Ist ein Olympiaboykott sinnvoll?

Wolfgang Huber - Kolumne in der BZ

28. März 2008


Das Olympische Feuer brennt wieder. Aus Griechenland ist es auf dem Weg nach China. Als es entzündet wurde, zeigten Protestierende Fahnen, auf denen die Olympischen Ringe als Handschellen ineinander greifen. Sie machten auf die Lage in Tibet aufmerksam. Doch der Präsident des chinesischen olympischen Organisationskomitees sprach ungerührt weiter.

Im chinesischen Fernsehen war diese Szene nicht zu sehen. Auch die gewaltsamen Zusammenstöße in Tibet werden dort nicht gezeigt. Aus unseren Nachrichtensendungen sind die Bilder aus Tibet ebenfalls verschwunden.
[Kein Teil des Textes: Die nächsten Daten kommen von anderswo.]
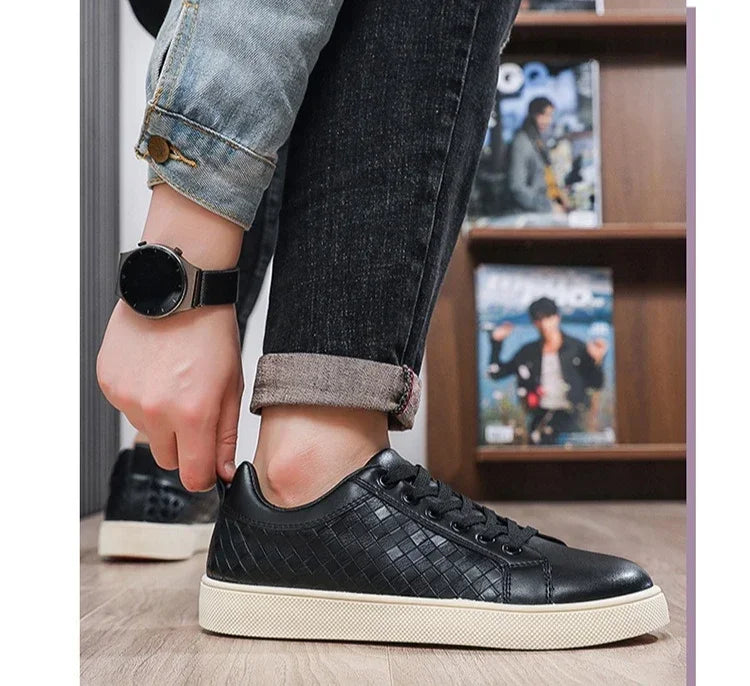 Ryan Premium Leather Sneakers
Die chinesische Regierung hat alle westlichen Journalisten aus Tibet ausgewiesen. Sie will keine Beobachter. Niemand soll den Protest der Tibeter sehen. Und auch nicht das gewaltsame Vorgehen der chinesischen Sicherheitskräfte. Zu deutlich würde dann, wie es um die Menschenrechte in China steht.

Ein scharfer Kontrast: Gerade haben wir das Osterfest gefeiert. Das Fest des Lebens. Den Todesmächten zu widerstehen, gewaltlos miteinander umzugehen und auf Gott zu vertrauen – das ist  der Geist von Ostern. Doch in Tibet herrschen Angst und Gewalt.

Neu ist das nicht. Man konnte das auch 2001 schon wissen, als die Olympischen Spiele nach Peking vergeben wurden. Deutschland hat seitdem mit China einen „Rechtsstaatsdialog“ geführt; Tibet und die Menschenrechte spielten dabei keineswegs eine zentrale Rolle. Wenn das Kosovo seine Unabhängigkeit erklärt, sind alle europäischen Staaten dafür, weil man sich vor Serbien nicht fürchten muss. Wenn die Unabhängigkeit Tibets gefordert würde, wären alle dagegen – wegen der wirtschaftlichen Bedeutung Chinas.

Ich finde: Jetzt ist die Politik gefragt. Ein Boykott der Olympischen Spiele durch die Politik wäre ein klares Zeichen. Die Sportler zum Boykott aufzufordern, finde ich weit weniger angebracht.

Was ein Olympiaboykott bewirkt, wissen wir. Thomas Bach, der Präsident des Deutschen Olympischen Sportbundes und Vizepräsident des Internationalen Olympischen Komitees (IOC), hat das selbst erlebt. 1980 wollte er an den Olympischen Spielen in Moskau teilnehmen. Er war sogar Sprecher der Aktiven und musste miterleben, wie die Olympiade in Moskau auf Druck der USA hin boykottiert wurde. Ich kann seinen Widerspruch gegen einen Boykott gut verstehen. Aber eine Trennung von Sport und Politik gibt es in Wahrheit nicht. Deshalb brauchen wir auch den deutlichen Protest des Sports gegen das, was in Tibet derzeit geschieht.  Beide sind gefragt: der Sport und die Politik.